No, I am not going “Gluten-Free” or “GF” it ain’t happening.
But I have friends with gluten issues from confirmed celiac, to people who just feeling better without gluten, so I’ve decided to see what’s involved in faking gluten. So far what’s involved is a lot of money! Baking gluten-free is fucking pricey. Ingredients from xanthan gum, specialty flours, even powdered milk are big advance outlays. There is also a lot of shopping involved, never a problem for a me surely, but damn… I was all over Berkeley getting things. Mi Tierra (local Latin American grocery chain) has a surprising selection of alternative flours and their prices are well below that of Berkeley Bowl or Whole Foods.
I figured it would be best to use a recipe I know really well, so I went with the base for my cocoa oatmeal cookies, and it all looked fine, right up to going into the oven. Then shit went downhill and fast.
They spread too much, way too much. They were also crumbling to the touch, you could not pick up a whole cookie even slightly warm. I was disappointed. I covered them with a towel and walked away.
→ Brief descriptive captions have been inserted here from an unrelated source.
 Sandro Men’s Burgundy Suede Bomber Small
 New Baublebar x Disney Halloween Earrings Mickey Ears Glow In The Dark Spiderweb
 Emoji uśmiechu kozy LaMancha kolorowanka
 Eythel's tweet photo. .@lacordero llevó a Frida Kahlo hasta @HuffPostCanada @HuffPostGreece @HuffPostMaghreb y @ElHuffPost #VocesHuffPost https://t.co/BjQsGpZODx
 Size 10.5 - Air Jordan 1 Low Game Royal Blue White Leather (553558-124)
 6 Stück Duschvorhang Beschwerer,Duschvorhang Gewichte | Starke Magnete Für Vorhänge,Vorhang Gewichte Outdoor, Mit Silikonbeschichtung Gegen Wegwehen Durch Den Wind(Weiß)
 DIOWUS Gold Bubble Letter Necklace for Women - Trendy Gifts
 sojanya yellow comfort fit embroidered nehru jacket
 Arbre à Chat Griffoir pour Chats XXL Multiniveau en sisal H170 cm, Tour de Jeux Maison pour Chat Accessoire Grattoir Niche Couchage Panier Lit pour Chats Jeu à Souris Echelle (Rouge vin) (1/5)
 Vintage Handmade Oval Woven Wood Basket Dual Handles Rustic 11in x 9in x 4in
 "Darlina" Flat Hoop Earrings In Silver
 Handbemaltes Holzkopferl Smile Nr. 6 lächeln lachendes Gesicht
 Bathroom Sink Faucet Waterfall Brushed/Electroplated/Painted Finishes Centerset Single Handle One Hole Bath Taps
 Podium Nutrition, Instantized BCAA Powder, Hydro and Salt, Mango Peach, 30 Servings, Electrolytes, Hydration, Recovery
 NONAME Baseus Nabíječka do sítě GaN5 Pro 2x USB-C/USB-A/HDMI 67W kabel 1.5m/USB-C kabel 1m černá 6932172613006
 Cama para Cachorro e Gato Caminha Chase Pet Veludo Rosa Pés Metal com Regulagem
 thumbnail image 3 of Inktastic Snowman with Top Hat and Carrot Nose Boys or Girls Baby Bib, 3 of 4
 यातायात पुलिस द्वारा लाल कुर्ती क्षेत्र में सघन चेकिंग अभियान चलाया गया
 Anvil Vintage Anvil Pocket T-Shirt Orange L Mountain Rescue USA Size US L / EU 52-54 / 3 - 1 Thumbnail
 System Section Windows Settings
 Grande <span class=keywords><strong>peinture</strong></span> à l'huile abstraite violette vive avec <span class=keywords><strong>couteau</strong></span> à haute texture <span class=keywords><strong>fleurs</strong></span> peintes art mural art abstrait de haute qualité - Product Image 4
The next day I took another look and they had finally set overnight, you could pick up a cookie, whole and get it to your mouth in one piece. But your mouth wouldn’t like it, believe me.
One batch was just awful, the GF flour blend was nasty, it left a slimy, yet gritty film on the top of your mouth, it was spongy to bite into, then fell apart in the mouth. The other wasn’t much better, it did have a nice crisp outside, yielding to a chewy cookie, but had that same damn gritty slime mouth feel.
I decided neither batch was worth even attempting a revision to the flours and will work with an entirely different blend on my next attempt, which won’t be until I forget the slimy grit a little.